Climate change: a national security crisis

Isn’t a national security crisis any event or situation that threatens our health and safety as Americans? And don’t we agree it’s important, even necessary, to address these emergencies? Of course, we do.

If someone described an event as a “threat multiplier” something that would exacerbate problems posed by war, hunger and poverty and heighten the consequences of extreme weather events wouldn’t it be safe to say you’re looking at a real national security crisis? It’d be especially hard to deny if an authority like the United States Department of Defense was the one doing the explaining.

Well, it turns out the DOD did describe such a national security crisis — climate change.

Here at home, the results of a St. Cloud State University
survey last year found a large majority of Minnesotans believe climate change is happening — 89 percent, specifically. Ninety-seven percent of climate scientists agree climate change is caused by human activity. According to last year’s survey, only 56 percent of us Minnesotans agree.

What’s with this puzzling gap? If I thought climate change was a natural phenomenon, it wouldn’t seem like a national security crisis — frankly, I wouldn’t care.

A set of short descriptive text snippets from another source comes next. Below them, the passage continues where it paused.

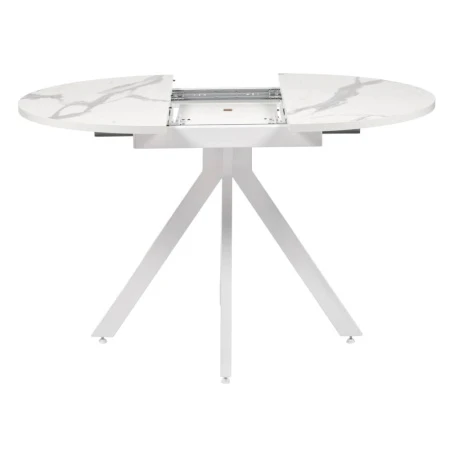Купить Стол Rudolf круглый раскладной 90-120x90x75см, белый мрамор, белый по низкой цене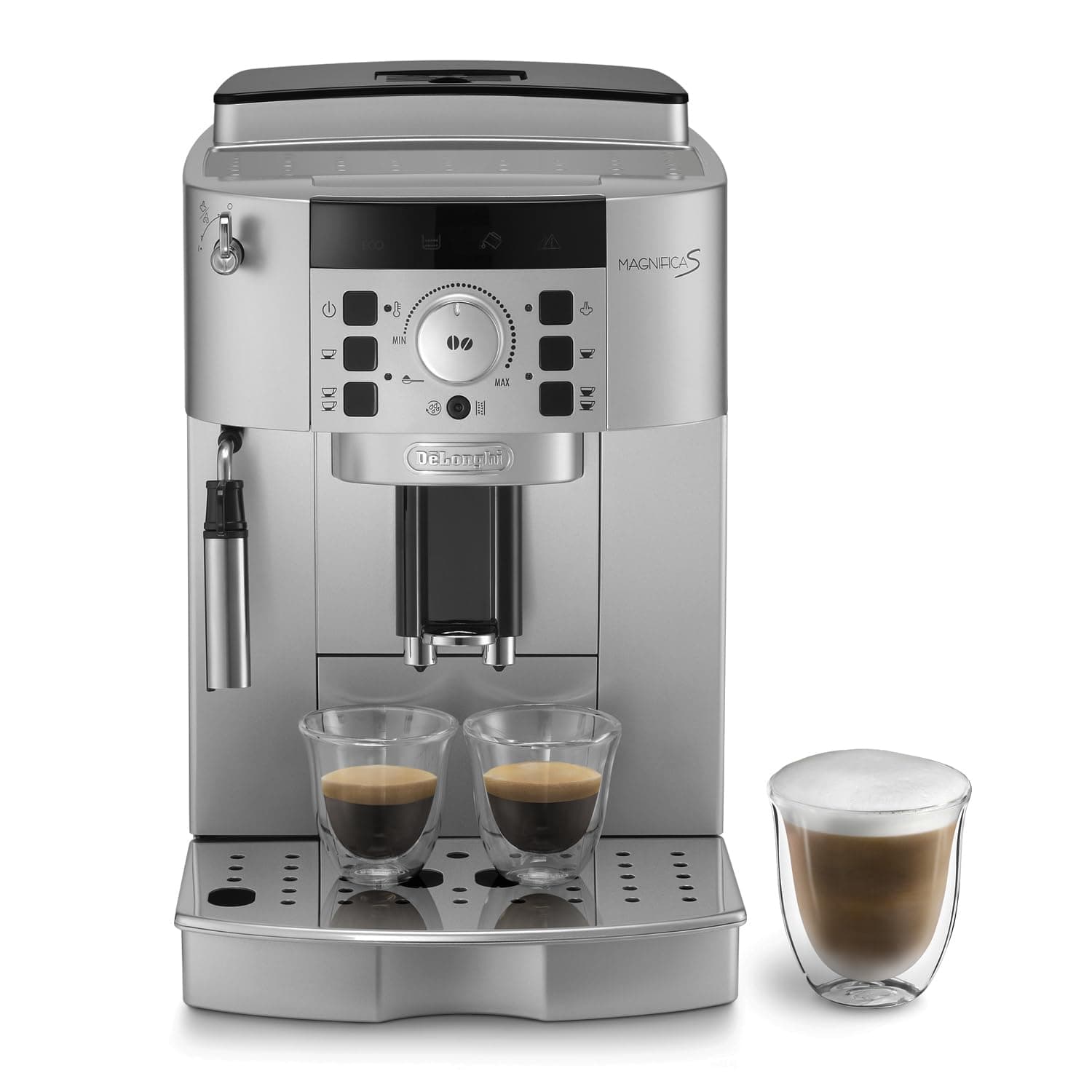 De'Longhi Fully Automatic Bean To Cup Coffee Machine With Built in Grinder, One Touch Espresso Cappuccino Latte Machiato Maker, Italian design, Best for Home & Office, ECAM22.110.SB, Silver
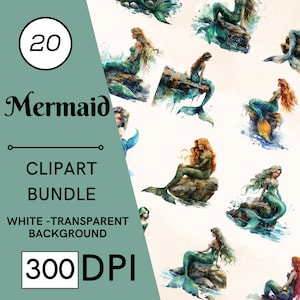 20 cliparts aquarelle sirène, sirène sur pierre, clipart aquarelle imprimable, JPG de haute qualité, téléchargement numérique, créations en papier, journal indésirable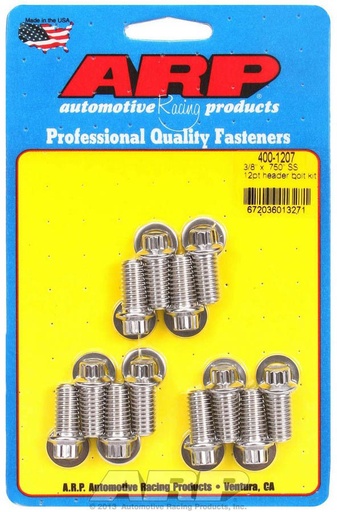 [ARP400-1207] Arp - S/S Header Bolt Kit - 3/8 X .750 Uhl (12)
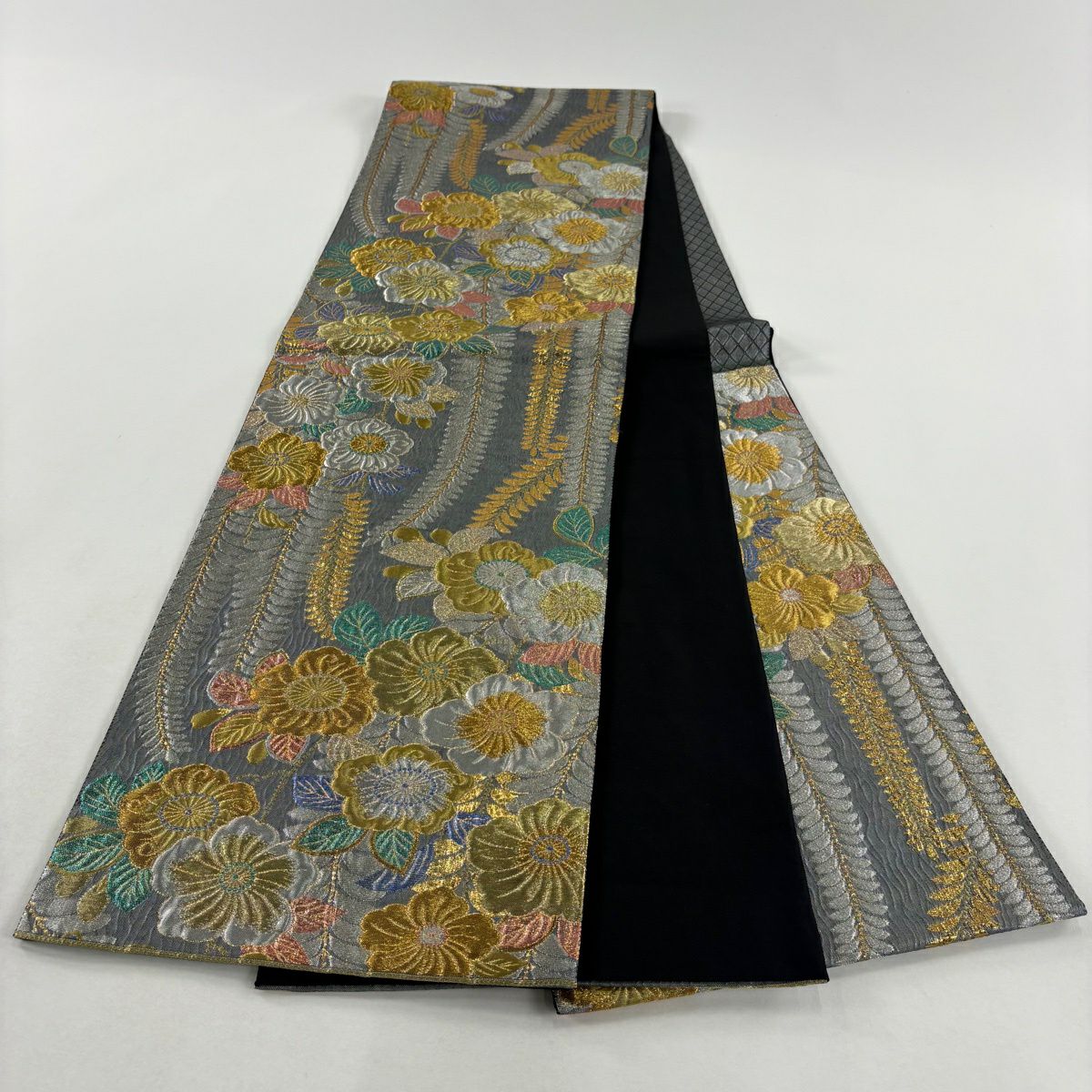 【美品】 袋帶 秀品級 辻花染圖案 金銀彩 金金箔 灰 深藍 六通 純蠶絲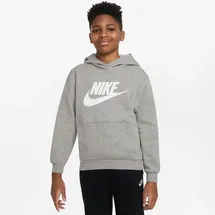 Nike Kinder Kapuzenpullover Club Fleece Big Kids Hoodie FD2988-063 147-158 - DK Grey Heather/White - 147-158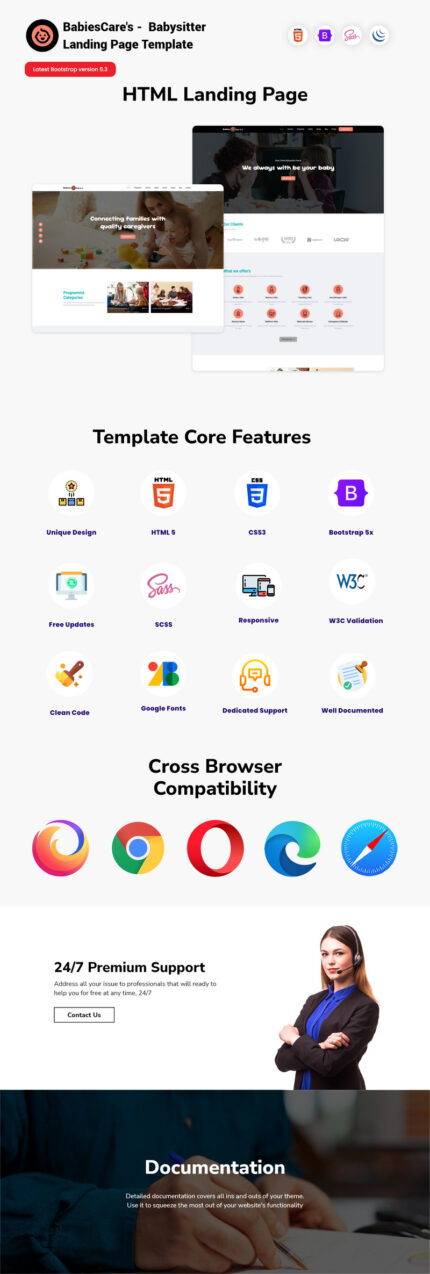 BabiesCare's -  Babysitter Landing Page Template - Features Image 1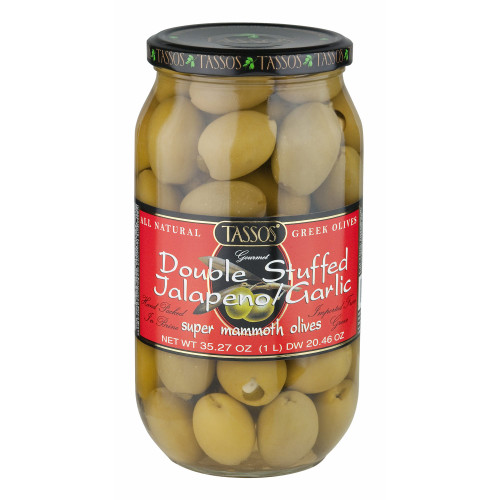 Tassos Double Stuffed Jalapeno and Garlic Olives, 1 Liter (pack of 2)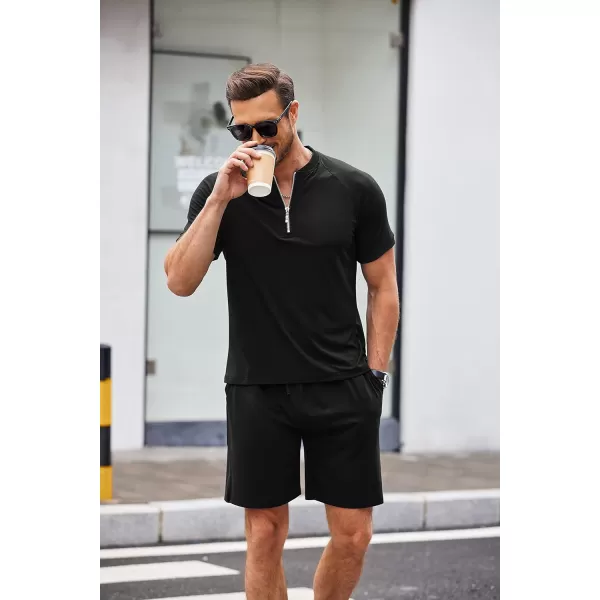 COOFANDY Men's 2 Pieces Outfits Cotton Quarter Zip T Shirt and Shorts Set Casual Athletic Suit Summer Tracksuits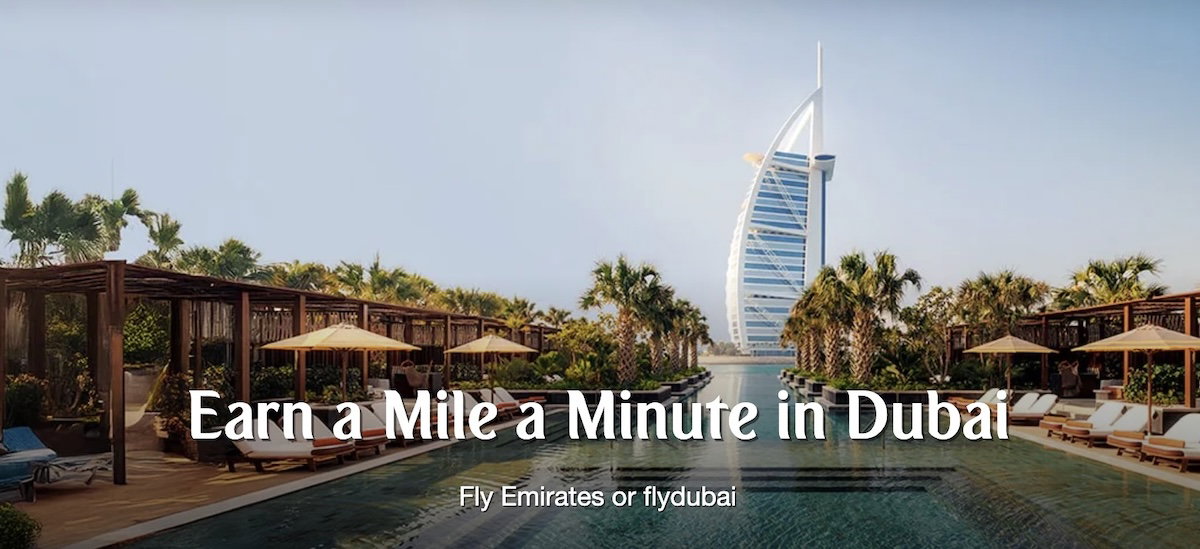 Emirates Skywards "Mile-A-Minute" promotion graphic offering one mile for every minute spent in Dubai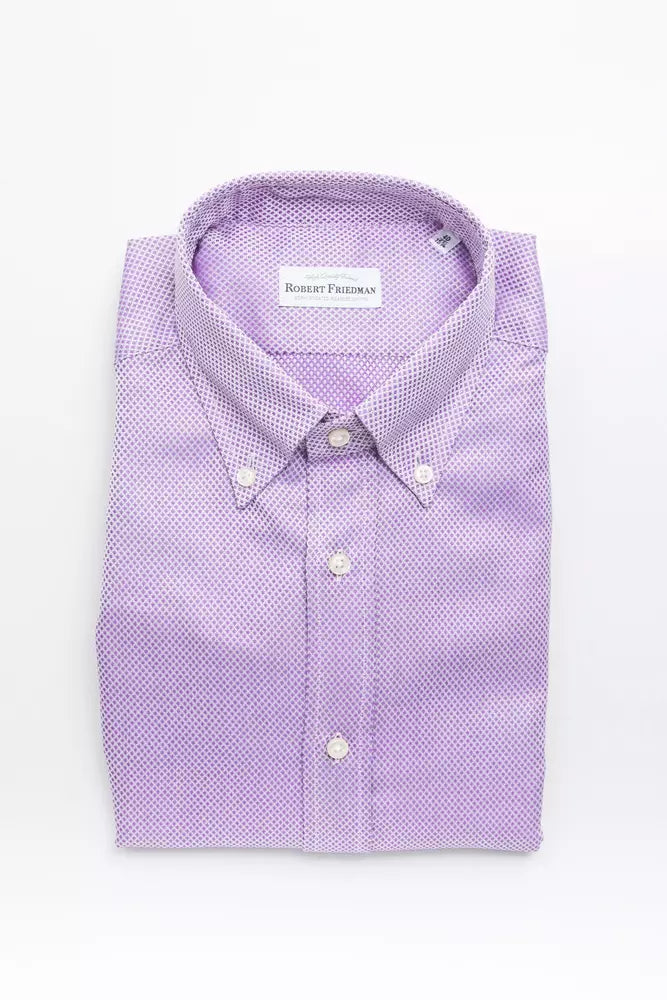 Elegante camisa de algodón rosa con botones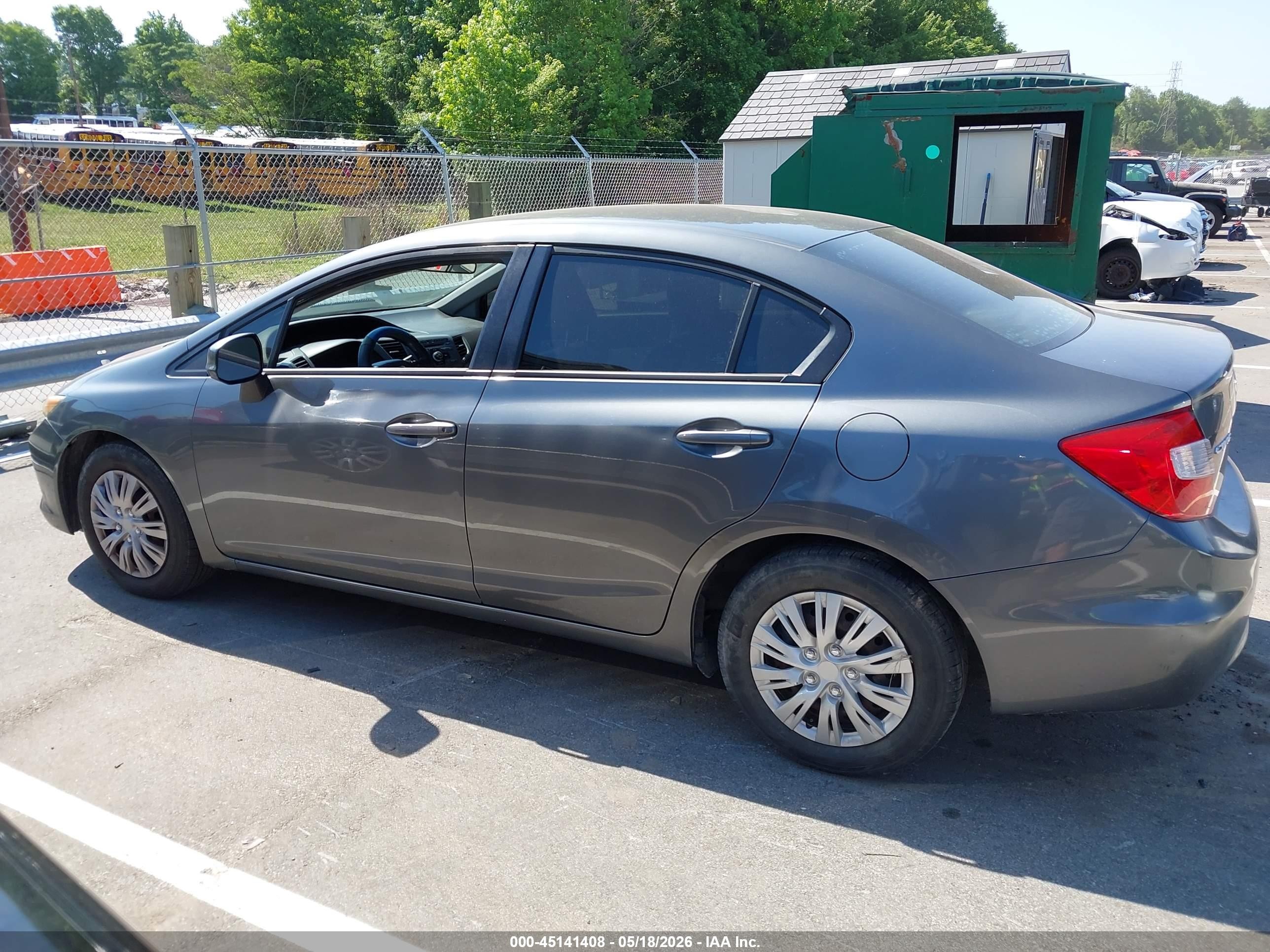2012 Honda Civic Lx Gray vin: 19XFB2F54CE376442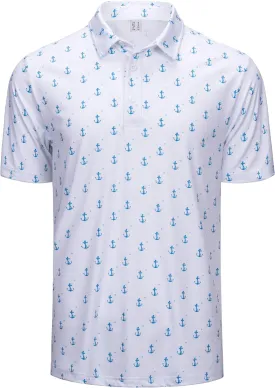 Cotrasen Mens Polo Golf Shirts Moisture Wicking Performance T-Shirts Print Breathable Short Sleeve Polo Shirt for Men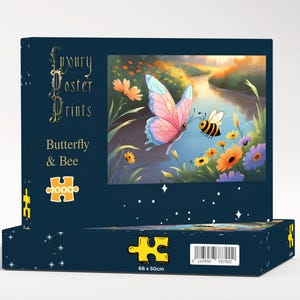 Butterfly And Bee Jigsaw Puzzle | Premium 1000, 500, 100 or 48 Pieces | Jigsaw Puzzle Gifts | Jigsaw Puzzle Decor Art | Jigsaws British made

So what can we do to better communicate climate change?

To actually understand a concept, we need both to feel something and really think about it. This is key when we consider a hard-to-visualize process like climate change.

By no means are scientists the only people who should be responding to the climate crisis. We need to train writers and encourage artists to better communicate climate change, and we need to do so ourselves as well.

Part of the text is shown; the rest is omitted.